Spirituality and Subsidiarity


We live in a world that is characterized by extremes of wealth and poverty. Warren Buffett, Carlos Slim Helu, and Bill Gates are the world’s top three billionaires, but the world’s bottom three billion people live on less than two dollars a day. While most of us aren’t as rich as the three billionaires, we’re not as poor as the three billion either. We’re somewhere in between.
 
Over the next few days, I would like to examine the extremes of wealth and poverty from a biblical perspective. Specifically, I would like to outline for you what the Book of Proverbs teaches about wealth and poverty. We will examine the various causes of wealth and poverty, focusing specifically on the role of moral and immoral behaviors. We will take a look at the awful reality of injustice and oppression as causes of poverty, and we will see how God’s judgment affects the unjust. We will study the duty of generosity toward the poor, and how God rewards the generous. And we will see that while wealth has real – though limited – value, there are other, more valuable things than money.
 
Today, however, I want to talk about two key biblical principles: spirituality and solidarity.
 
The first biblical principle is spirituality. A relationship with God is paramount, more important that either wealth or poverty. In fact, wealth and poverty present unique temptations that try to draw us away from God.
 
Two things I ask of you, O Lord;
do not refuse me before I die:
Keep falsehood and lies far from me;
give me neither poverty nor riches,
but give me only my daily bread.
Otherwise, I may have too much and disown you
and say, “Who is the Lord?”
Or I may become poor and steal,
and so dishonor the name of my God (30:7-9).
 
Too much wealth makes us forget God. Too little makes us forget God’s commandments.
 
The second biblical principle is solidarity, which means that we – both rich and poor – have more in common than in difference, that our fates are inextricably linked, and that therefore we should help one another.
 
Two proverbs point out the solidarity of the rich and the poor:
 
Rich and poor have this in common:
The Lord is the Maker of them all (22:2).
 
The poor man and the oppressor have this in common:
The Lord gives sight to the eyes of both (29:13).
 
When we look at rich people and poor people, we notice the differences.
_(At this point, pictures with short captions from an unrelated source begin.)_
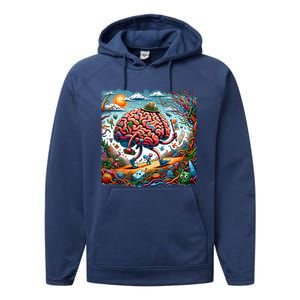 Funny Brain Adventure AlzheimerS Patients And Caregivers Gift Performance Fleece Hoodie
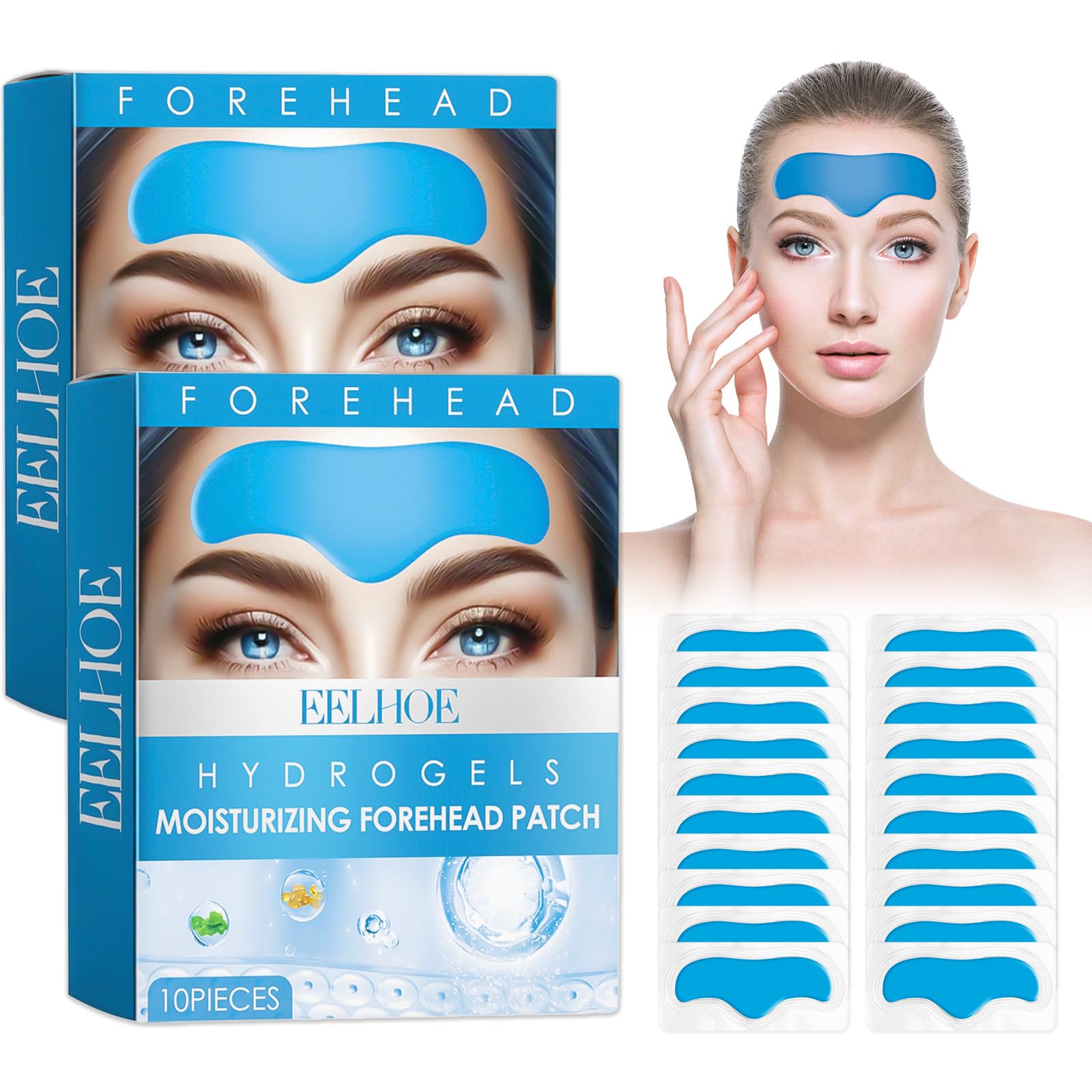 Scettar 20 Stück Zornesfalte Pflaster, Feuchtigkeit und Anti-aging Zornesfalte Patches, Hydrogel Kollagenprotein Stirnfalten Patches, Anti Falten Pflaster für Stirn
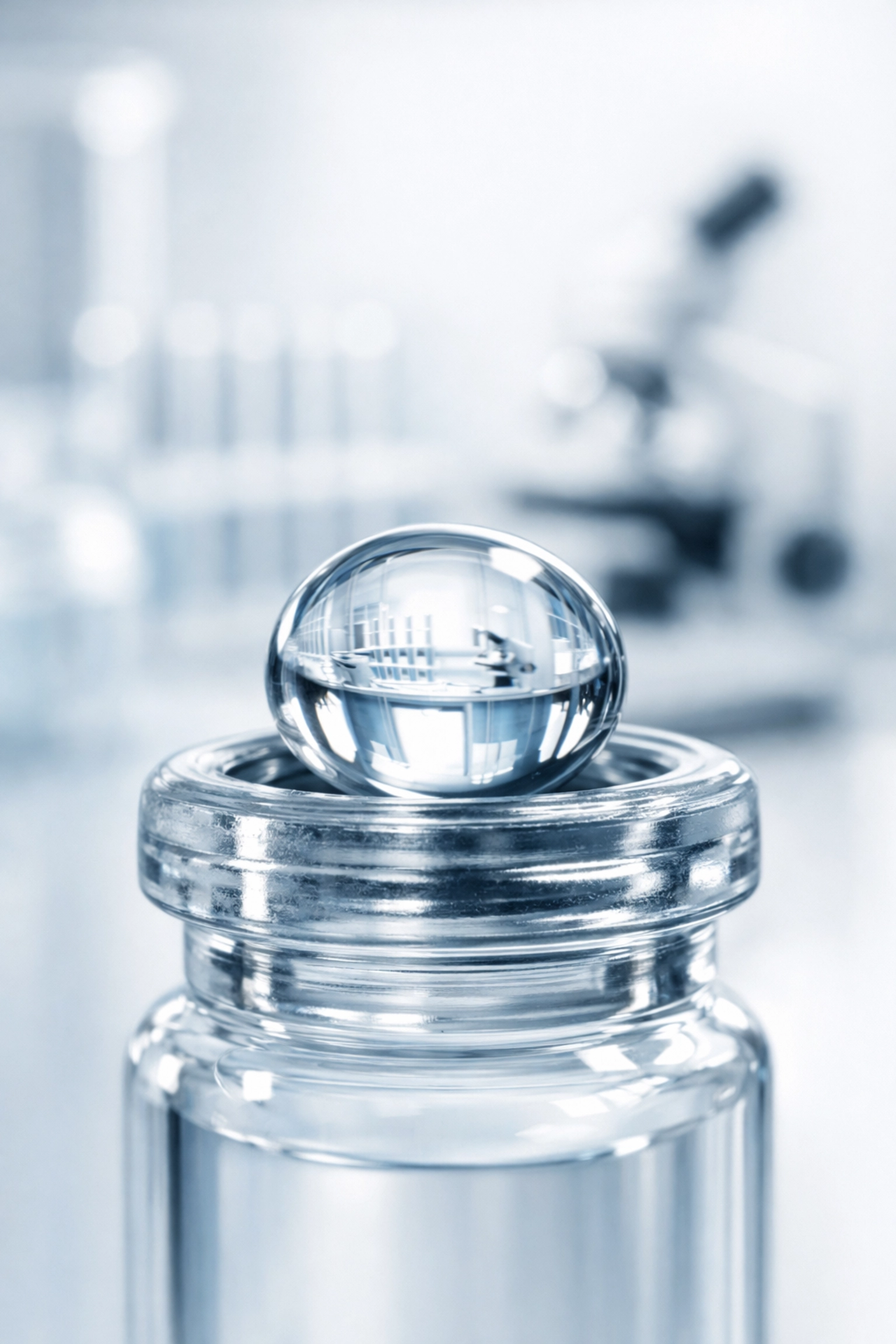 Detailed macro view of a research peptide vial representing high-purity weight loss science.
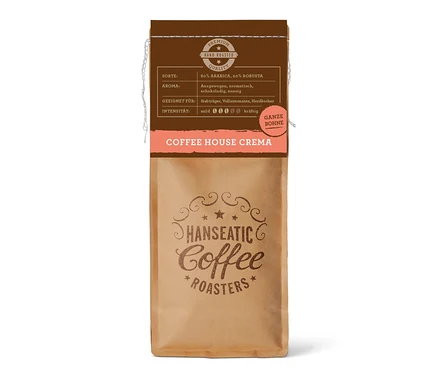 Braune Papiertüte Hanseatic Coffee House Caffè Crema ganze Bohne. Das Etikett zeigt 80% Arabica, 20% Robusta, ausgewogenes, schokoladiges, nussiges Aroma und Intensität 4/5.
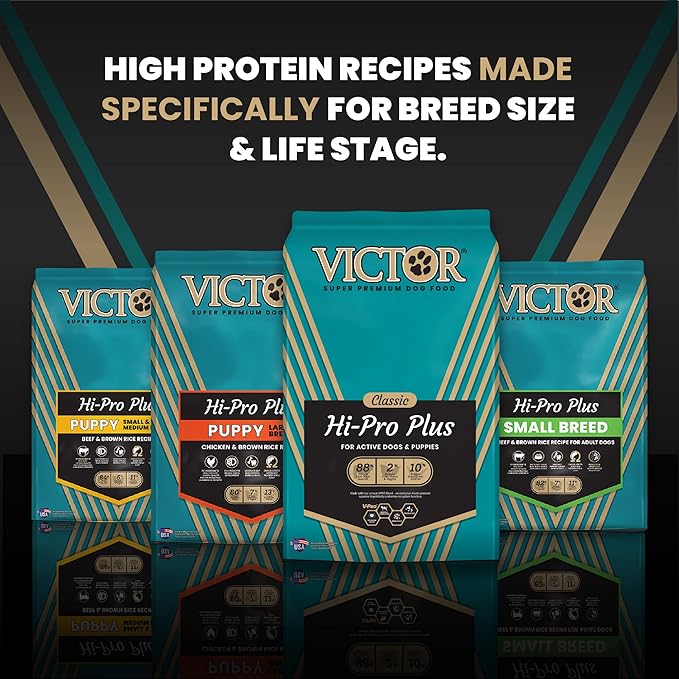 VICTOR Super Premium Dog Food – Hi-Pro Plus Dry Kibble – High Protein Dog Food with 30% Protein – Beef, Chicken, Pork, Fish Meals, Gluten Free - for High Energy and Active Dogs & Puppies, 15lbs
The former are clothed, the latter are naked. The former are obese, the latter are starving. The former are healthy, the latter are sick. We could go on endlessly about our respective material differences. But what holds us together is God, who creates us both and gives us whatever blessings we enjoy. We like to think in terms of us (the rich, developed world) and them (the poor, developing world). In reality, there’s no them. There’s only us. We all are God’s children.
 
The biblical principles of spirituality and subsidiarity unite us with God and neighbor. And isn’t that union – love of God and love for neighbor as self – the essence of biblical teaching (Matt. 22:37-40)?